Multiple analyses included meta-analysis of GWA data, as well as analysis of HLA alleles and HLA-peptide binding predictions. Data analysis was performed using PLINK 1.9, SNPTEST2, METAL, and METASOFT software.

3. Gene Enrichment Analysis and Functional Annotation

Functional annotation was performed using the HaploReg database, and gene enrichment analysis was conducted using the MAGMA tool. The analysis included regulatory functions of variant sites and significance analysis of gene sets. The GtEX database was queried to understand gene expression levels in different tissues.

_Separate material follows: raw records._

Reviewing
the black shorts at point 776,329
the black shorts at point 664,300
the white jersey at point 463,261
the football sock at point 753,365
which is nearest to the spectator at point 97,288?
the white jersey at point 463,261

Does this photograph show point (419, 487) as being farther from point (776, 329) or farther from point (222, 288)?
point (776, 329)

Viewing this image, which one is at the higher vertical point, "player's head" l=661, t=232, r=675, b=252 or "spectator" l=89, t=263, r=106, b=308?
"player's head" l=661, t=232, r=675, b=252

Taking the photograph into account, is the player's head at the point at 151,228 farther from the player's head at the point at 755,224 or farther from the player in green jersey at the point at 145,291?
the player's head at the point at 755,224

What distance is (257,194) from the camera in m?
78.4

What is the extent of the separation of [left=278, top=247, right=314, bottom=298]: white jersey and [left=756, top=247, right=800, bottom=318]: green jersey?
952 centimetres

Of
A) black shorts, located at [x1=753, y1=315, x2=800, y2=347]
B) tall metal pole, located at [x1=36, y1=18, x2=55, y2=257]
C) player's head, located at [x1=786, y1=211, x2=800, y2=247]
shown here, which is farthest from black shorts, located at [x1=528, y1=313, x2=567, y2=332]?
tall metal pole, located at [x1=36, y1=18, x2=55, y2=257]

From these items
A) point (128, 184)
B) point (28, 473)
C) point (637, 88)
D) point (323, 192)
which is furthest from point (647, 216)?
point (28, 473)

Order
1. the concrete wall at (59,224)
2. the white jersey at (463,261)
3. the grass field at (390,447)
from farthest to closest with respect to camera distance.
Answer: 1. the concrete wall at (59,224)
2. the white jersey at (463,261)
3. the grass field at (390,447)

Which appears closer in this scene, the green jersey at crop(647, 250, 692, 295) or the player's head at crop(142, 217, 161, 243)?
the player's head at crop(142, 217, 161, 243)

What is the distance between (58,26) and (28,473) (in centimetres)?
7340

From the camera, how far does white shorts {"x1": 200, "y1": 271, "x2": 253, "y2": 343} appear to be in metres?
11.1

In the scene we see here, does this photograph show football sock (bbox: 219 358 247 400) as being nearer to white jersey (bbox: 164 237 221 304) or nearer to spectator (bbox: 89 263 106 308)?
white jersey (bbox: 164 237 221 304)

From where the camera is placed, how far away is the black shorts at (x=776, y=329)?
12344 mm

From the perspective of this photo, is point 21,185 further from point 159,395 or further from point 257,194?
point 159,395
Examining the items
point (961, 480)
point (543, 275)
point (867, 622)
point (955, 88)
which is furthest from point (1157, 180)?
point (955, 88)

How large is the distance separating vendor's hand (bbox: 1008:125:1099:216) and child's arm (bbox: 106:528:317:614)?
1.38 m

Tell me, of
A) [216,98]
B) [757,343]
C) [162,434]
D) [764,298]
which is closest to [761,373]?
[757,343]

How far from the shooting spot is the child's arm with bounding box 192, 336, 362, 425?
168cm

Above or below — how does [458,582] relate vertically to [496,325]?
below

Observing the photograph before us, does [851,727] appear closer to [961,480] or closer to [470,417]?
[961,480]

4. Polygenic Risk Score (PRS) Model

Polygenic risk scores were constructed using PRSice-2 and PRS-CS software, and model fits were compared at different P-value thresholds to evaluate the predictive power of polygenic risk scores for predominant and persistent hrHPV infection.

Research Results

1. Genome-wide Association Analysis

  • For prevalent hrHPV, rs116471799 (near the LDB2 gene on chromosome 4) showed significant association.
  • For persistent hrHPV, rs2342234 (near TPTE2 gene), rs115537401 (near SMAD2 gene), and rs1879062 and rs1028206 (near CDH12 gene) showed significant associations.
  • Meta-analysis confirmed these associations and identified new variants associated with prevalent hrHPV, including alsopatP3CA and NCK2.

2. HLA Allele Association Analysis

  • The study found that HLA-DRB1*15:03, HLA-DRB1*13:02, HLA-DQB1*05:02, and HLA-DRB1*03:01 were associated with persistent hrHPV infection.
  • Peptide binding predictions showed that HLA-DRB1 alleles positively associated with persistent infection had weaker binding capacity to hrHPV protein-derived peptide chains, while alleles negatively associated with persistent infection showed the opposite trend.

3. Gene Enrichment Analysis

  • MAGMA analysis revealed gene sets related to p53 downstream pathway associated with prevalent hrHPV and antigen processing and presentation gene sets associated with persistent hrHPV.
  • These findings suggest that these gene sets may play important roles in the process of hrHPV infection persistence.

4. Polygenic Risk Score

  • For prevalent hrHPV, PRS models at multiple P-value thresholds showed good fit, with the best model fit reaching 3.3% (p-value 0.001).
  • For persistent hrHPV, polygenic risk score results showed moderate associations.

Research Conclusions

This study revealed several new gene loci associated with cervical hrHPV infection by examining genetic variations, HLA, and other factors. The study found significant associations between the HLA-DRB1 and DQB1 regions, as well as antigen processing and presentation gene sets, with persistent hrHPV infection.

Research Significance and Value

  • This study is the most comprehensive genome-wide association analysis of cervical hrHPV infection to date, contributing to a deeper understanding of genetic risk factors for hrHPV infection.
  • New gene loci associated with hrHPV infection were discovered, laying the foundation for further exploration of specific mechanisms and development of targeted prevention and treatment measures.
  • The study particularly focused on the genetic structure of African populations, helping to improve racial/ethnic representation and equity in gene-related research.

This research provides a new perspective for genetic studies of cervical hrHPV infection and its persistence. Further validation of results and expansion of research will provide more scientific support for this field.